A new Apple ad featuring two of America’s biggest entertainers dropping stereotypically geeky “gamer” lingo is the electronics giant’s first major attempt at attracting gamers to their mobile devices.

The thirty-second commercial, designed to tout the new iPhone’s processing capabilities for mobile gaming, finds Tonight Show host Jimmy Fallon remarking that the iPhone’s A8 chip “brings gaming to the next level — I mean, if you’re into that kind of thing.” Friend and collaborator Justin Timberlake joins in on the fun, launching into a hard-fought session of new Super Evil Megacorp multiplayer offering Vainglory that sees Fallon demanding the Suit & Tie singer “stop playing like a noob”.

For Super Evil Megacorp’s part, they’ve made no bones about their desire to keep the mobile gaming revolution going; Vainglory, a self-described “unapologetically core” title, has its sights set on “core” gamers committed to console and PC offerings.

It would be easy to dismiss this an ill-advised attempt by a business to connect with younger audiences, were it not for Apple’s long and storied history of tongue-in-cheek and subversive advertising. This is, after all, the company that brought you 1984, Think Different, the Burn Baby Burn campaign, and Ellen Feiss’ Switch ad, just to name a few examples.

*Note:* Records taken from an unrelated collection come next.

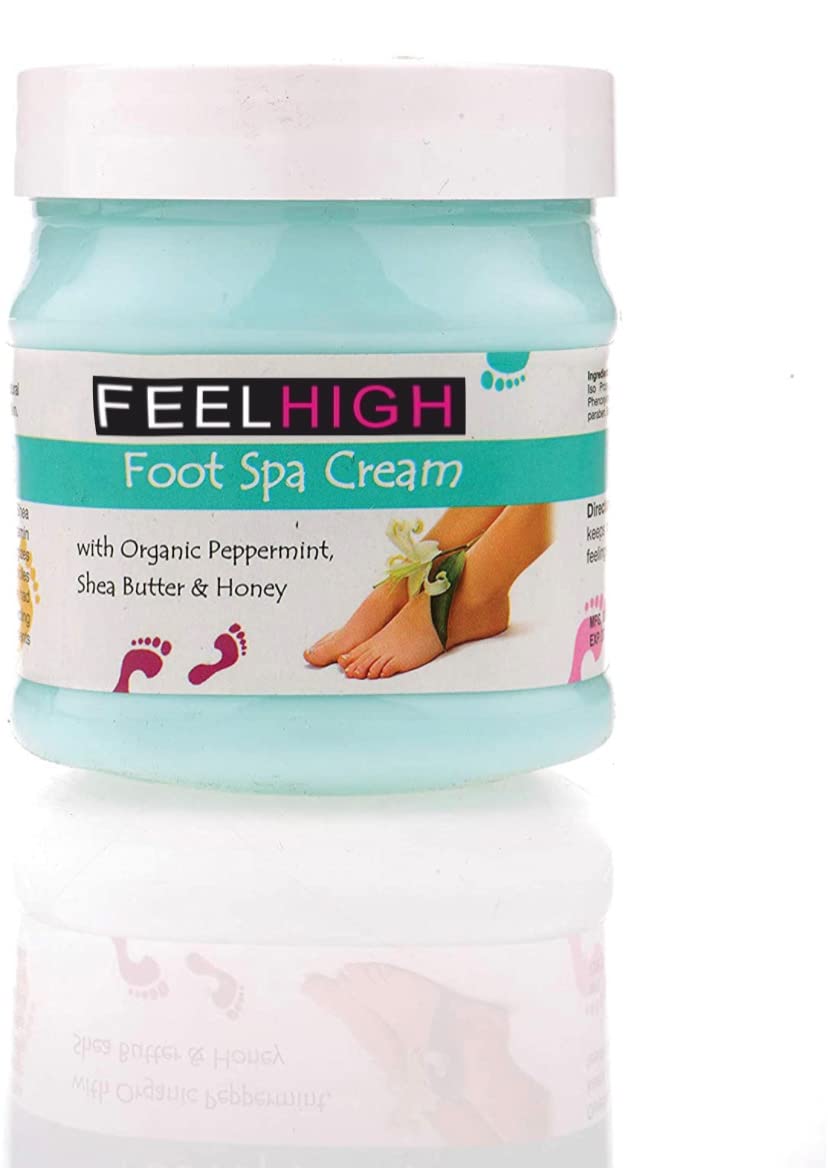 Feelhigh Foot Spa Cream Enriched with Jojoba And Rosemary Extract 500ml Helps Nourshed skin, Glowing skin and Soft Touch Men And Women Feet Care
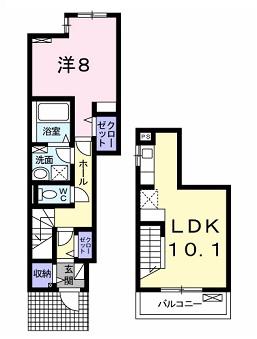 リヴェール アイ(1LDK/1階)の間取り写真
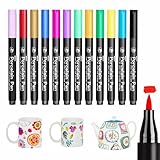 Altaroo 12 Farben Porzellanstifte Spülmaschinenfest, Porzellanstifte, Porzellanfarbe Spülmaschinenfest für Keramik Bemalen und Glasmalstifte, Glasmalstifte Spülmaschinenfest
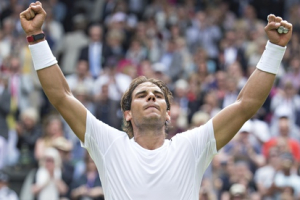 Nadal celebrated after beating Rosol. <br/>The Guardian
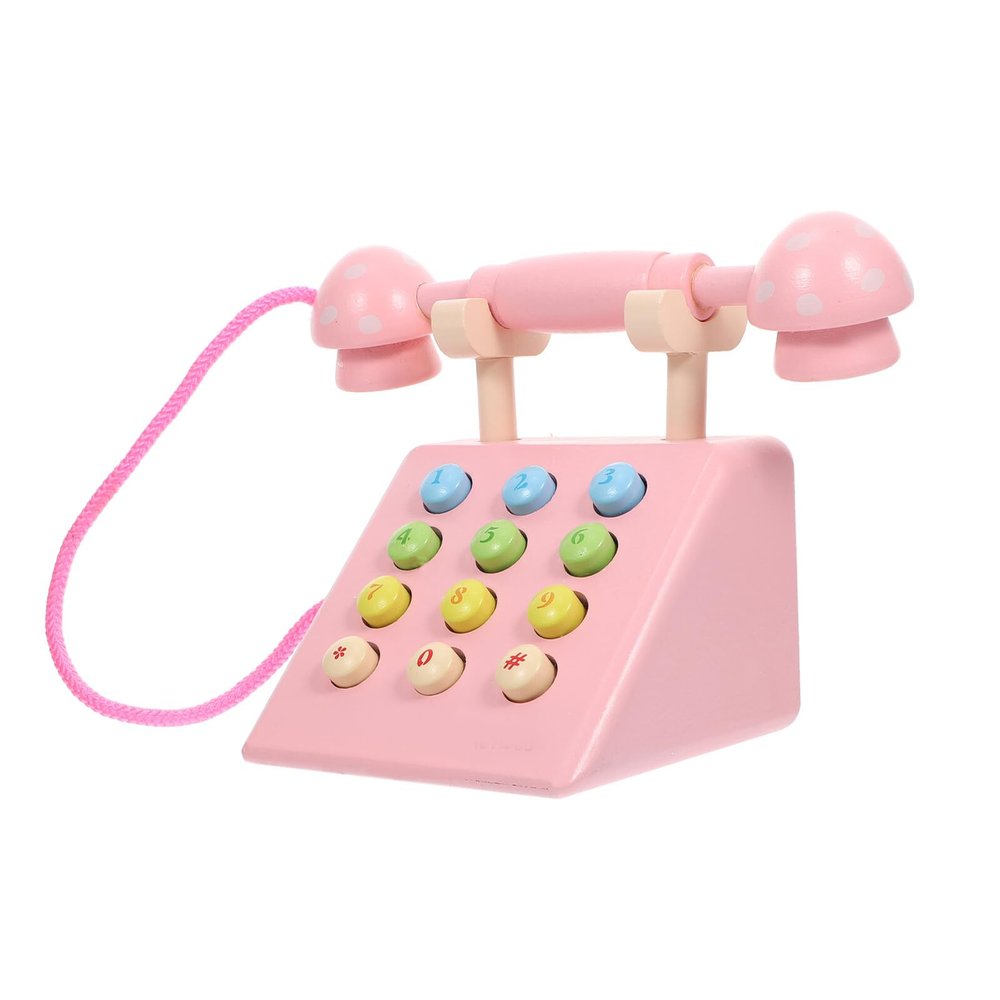 GLSTOY Simulation Telephone for Pink Fake Phone Plaything for Interaction Educational Pretend Playhouse Accessory Handcrafted Wood Material Enhances Life Skills and Cognitive Development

Regardless, it seems as if many have taken the ad to heart and reacted accordingly, as the spot has been upvoted by 95 percent of Redditors on sub-Reddit /r/fellowkids, a message board for poking fun at corporate attempts to connect with younger consumers. One Redditor, in his own words, “cringed [him]self into a black hole that destroyed the Earth.” The reaction on YouTube is markedly better, however.

Apple stands at a serious crossroads in the mobile market, as their long-held supremacy for tablets and smartphones is facing its greatest challenge to date from Android-aligned manufacturers led by Google. If Vainglory can replicate even a portion of chief inspiration League of Legendsrecord-busting revenues, Apple will have plenty to be thankful for this holiday season.